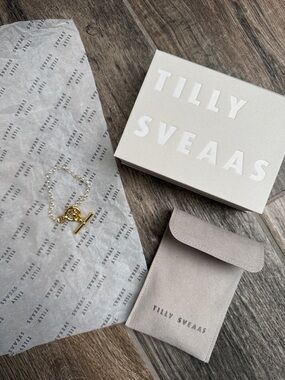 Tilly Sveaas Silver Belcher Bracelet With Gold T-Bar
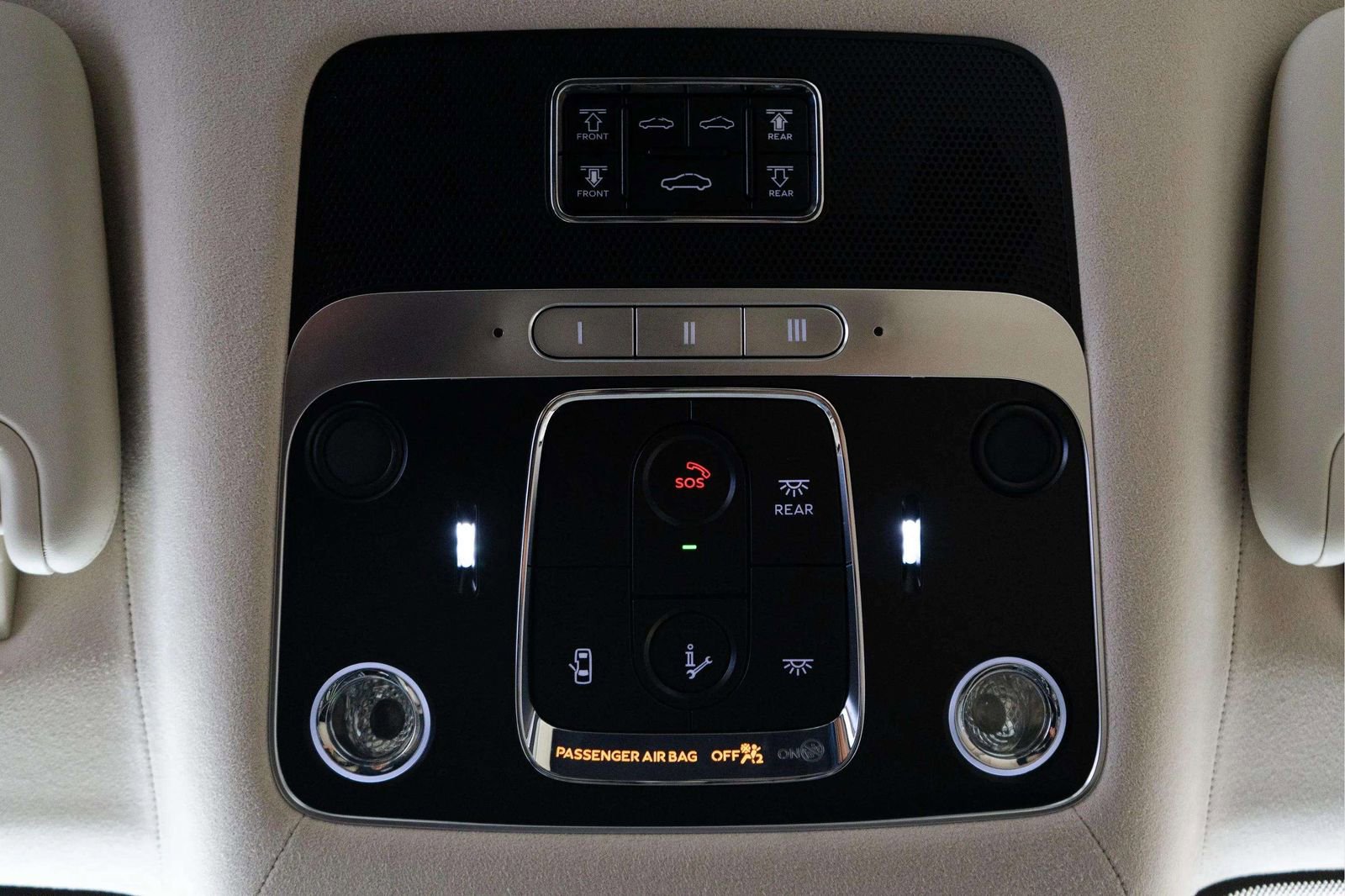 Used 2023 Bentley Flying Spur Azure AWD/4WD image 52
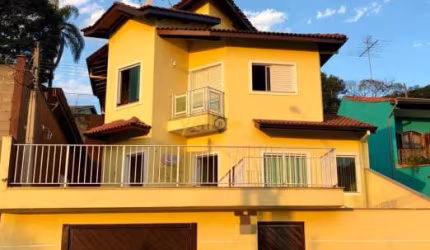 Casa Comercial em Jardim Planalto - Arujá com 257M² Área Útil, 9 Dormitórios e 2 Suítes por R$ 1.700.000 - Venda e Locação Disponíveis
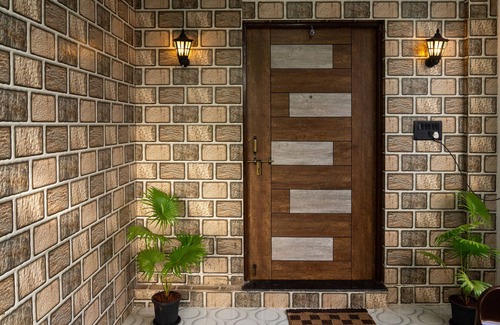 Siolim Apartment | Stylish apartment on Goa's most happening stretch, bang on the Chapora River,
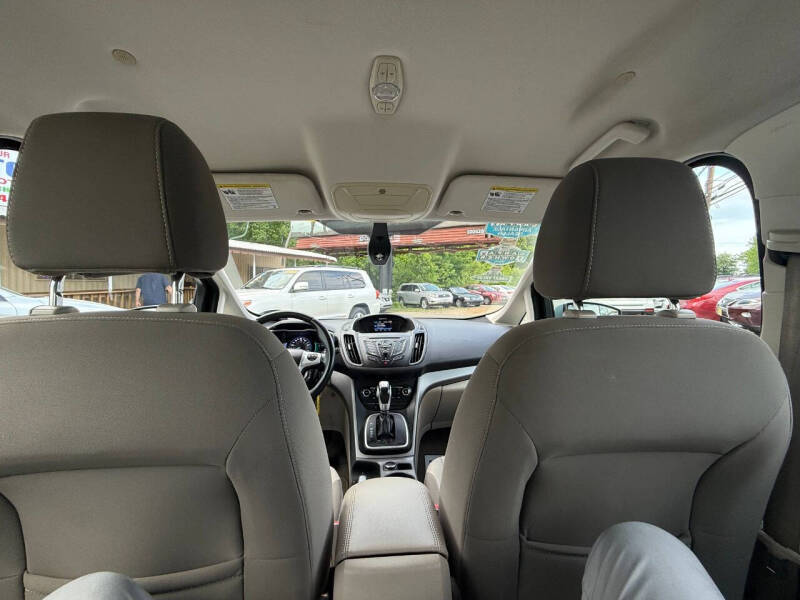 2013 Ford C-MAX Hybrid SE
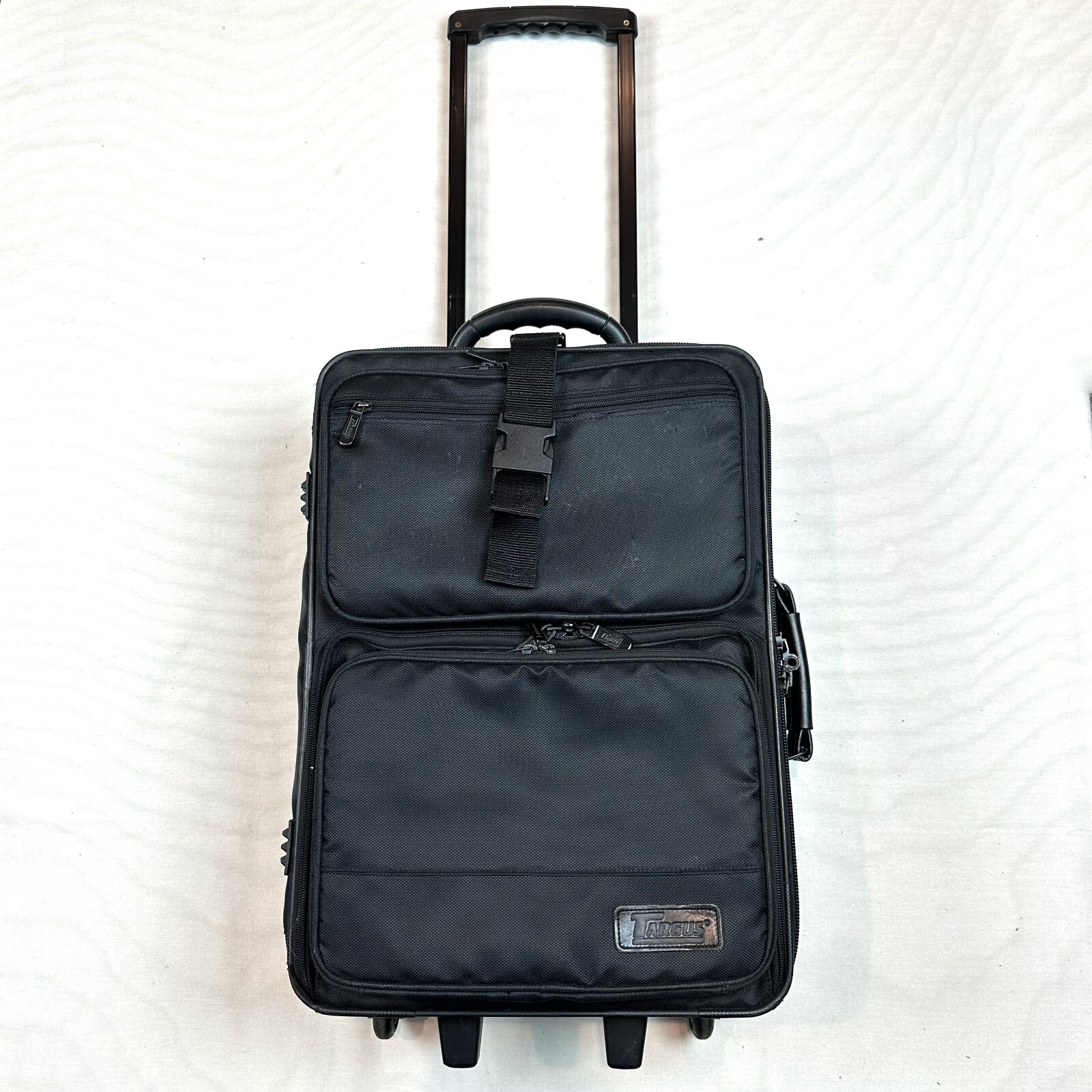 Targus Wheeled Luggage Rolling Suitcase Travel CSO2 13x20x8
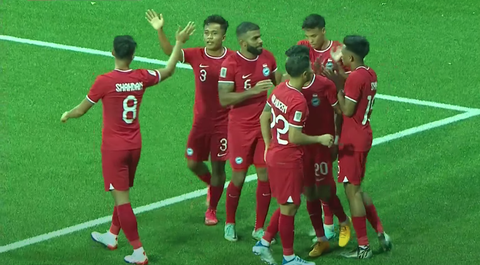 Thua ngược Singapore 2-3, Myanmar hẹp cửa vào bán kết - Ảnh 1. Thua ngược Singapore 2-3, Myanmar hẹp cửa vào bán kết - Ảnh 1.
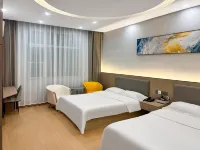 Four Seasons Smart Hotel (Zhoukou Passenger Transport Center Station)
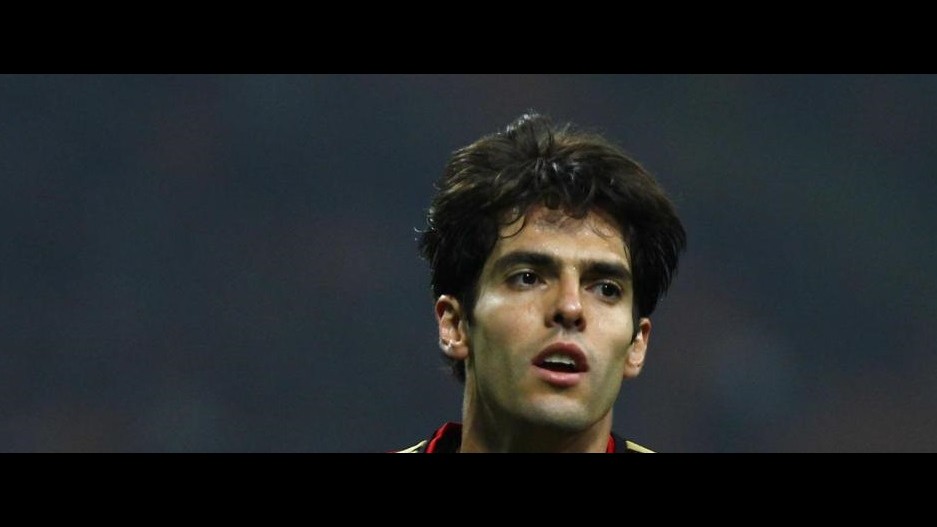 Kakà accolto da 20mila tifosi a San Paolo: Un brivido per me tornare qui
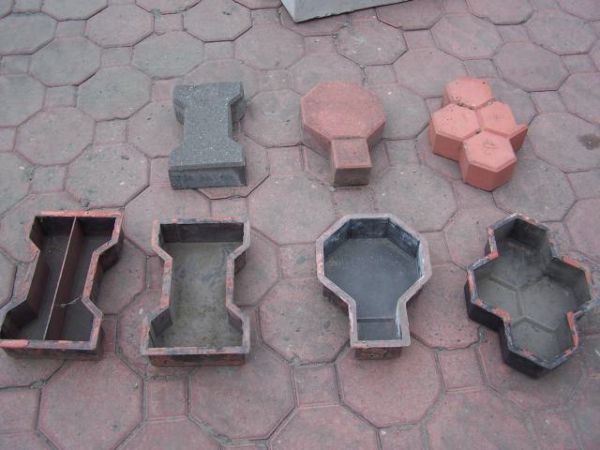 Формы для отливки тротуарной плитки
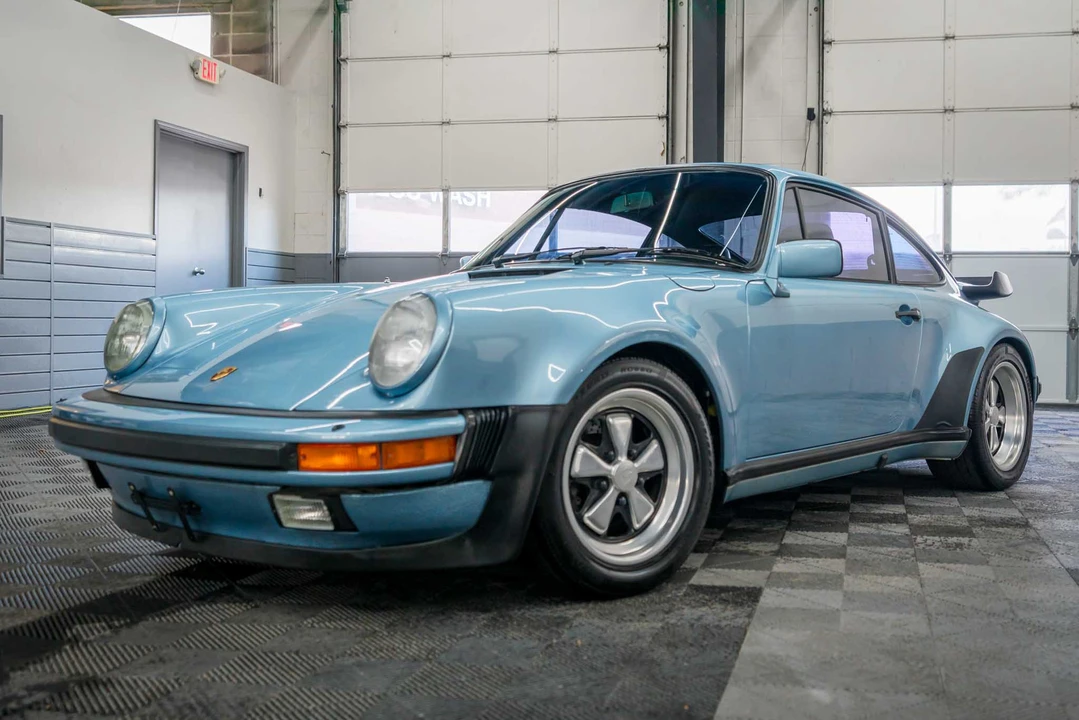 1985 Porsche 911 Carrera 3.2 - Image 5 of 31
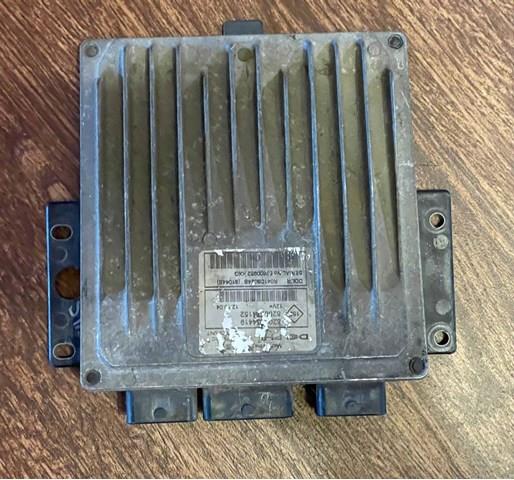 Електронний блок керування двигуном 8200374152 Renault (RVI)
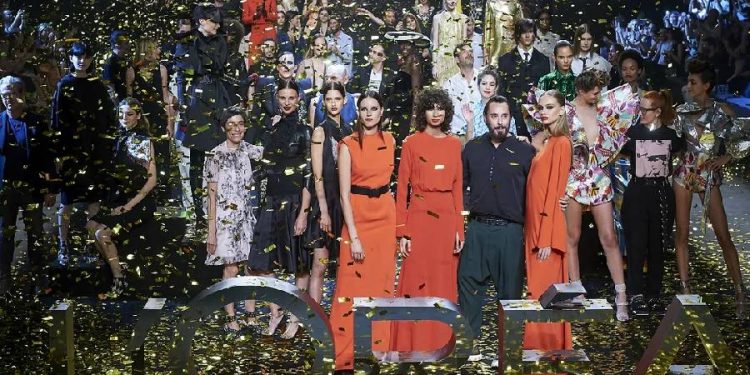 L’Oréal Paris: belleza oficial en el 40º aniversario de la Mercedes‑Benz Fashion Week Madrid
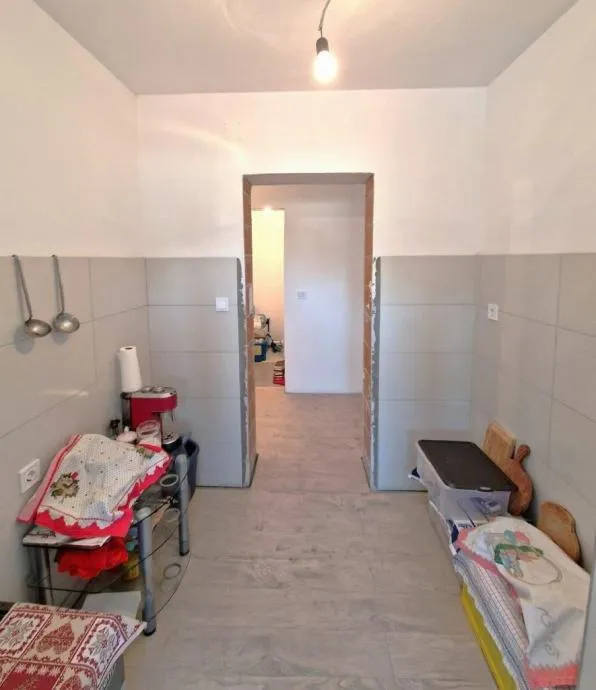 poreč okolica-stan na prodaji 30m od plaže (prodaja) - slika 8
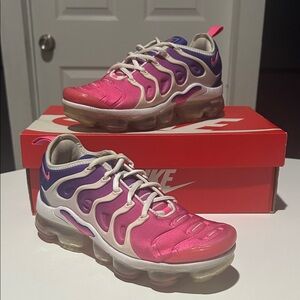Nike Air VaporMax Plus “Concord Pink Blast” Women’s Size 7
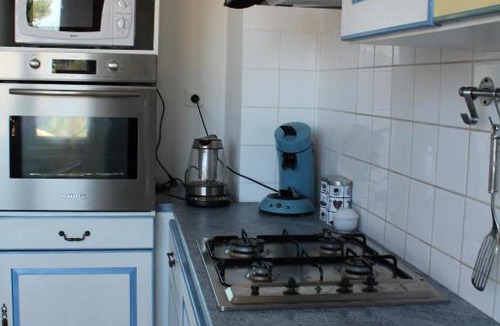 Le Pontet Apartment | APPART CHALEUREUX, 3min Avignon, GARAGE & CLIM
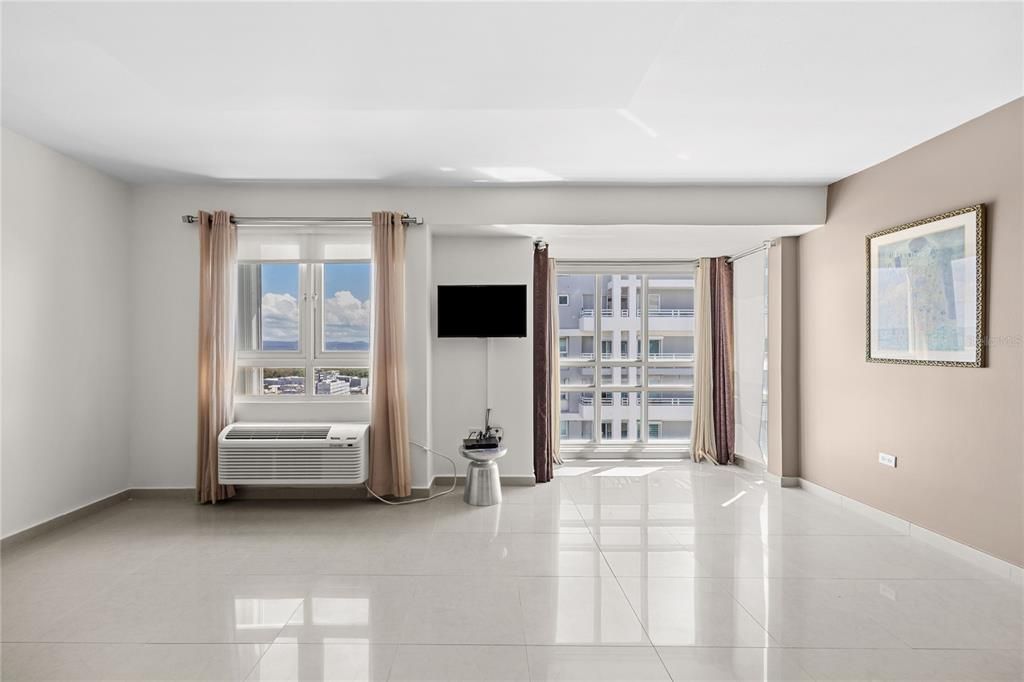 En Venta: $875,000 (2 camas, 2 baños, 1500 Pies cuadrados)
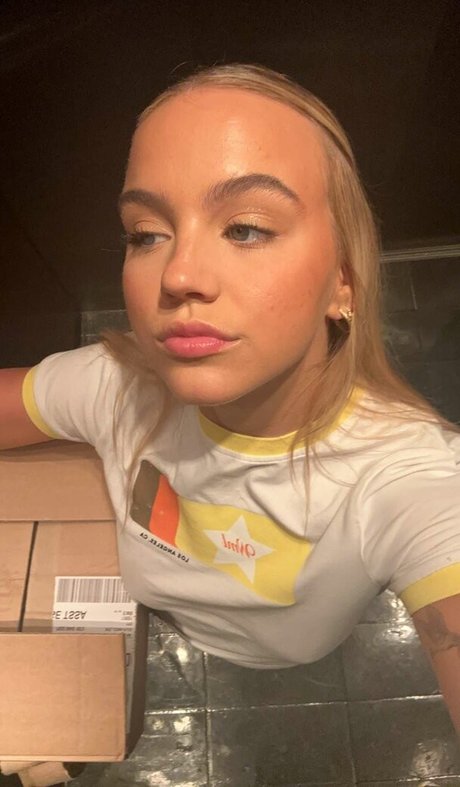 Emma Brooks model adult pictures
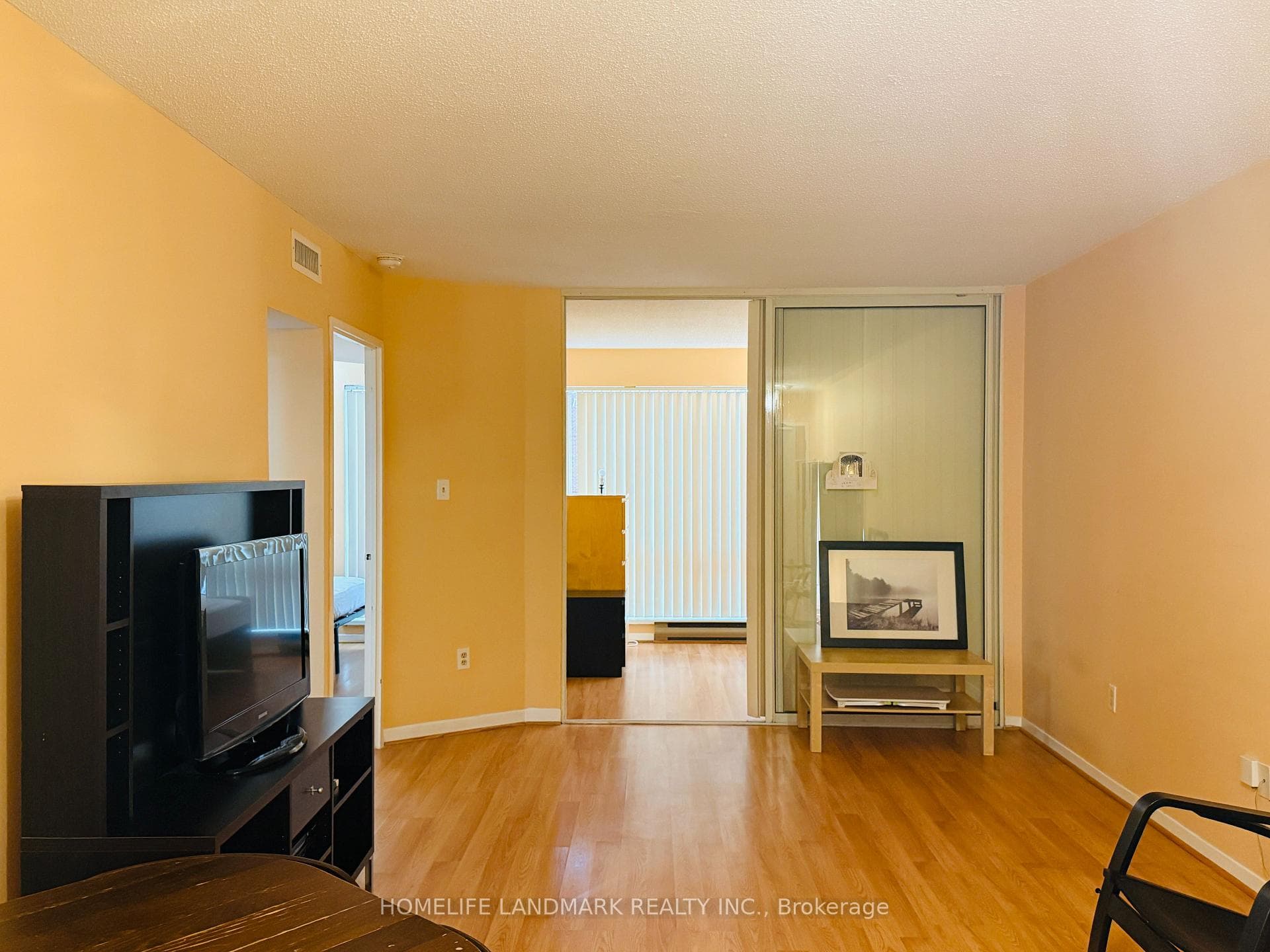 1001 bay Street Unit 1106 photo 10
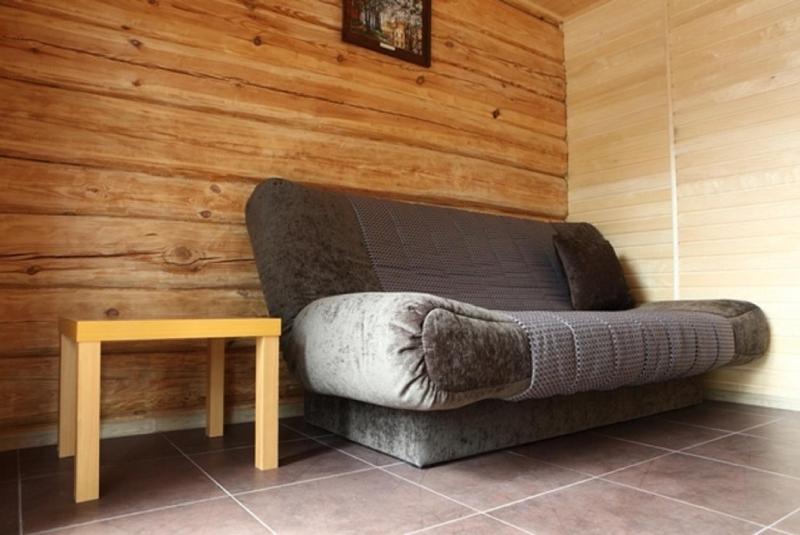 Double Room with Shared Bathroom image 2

Your objective =
Set down word for word the lines beginning with the one containing "poreč okolica-stan na" and ending with the last line of the listing, inclusive. Omit every picture.

Result below =
 poreč okolica-stan na prodaji 30m od plaže (prodaja) - slika 8
Nike Air VaporMax Plus “Concord Pink Blast” Women’s Size 7
 Le Pontet Apartment | APPART CHALEUREUX, 3min Avignon, GARAGE & CLIM
 En Venta: $875,000 (2 camas, 2 baños, 1500 Pies cuadrados)
 Emma Brooks model adult pictures
 1001 bay Street Unit 1106 photo 10
 Double Room with Shared Bathroom image 2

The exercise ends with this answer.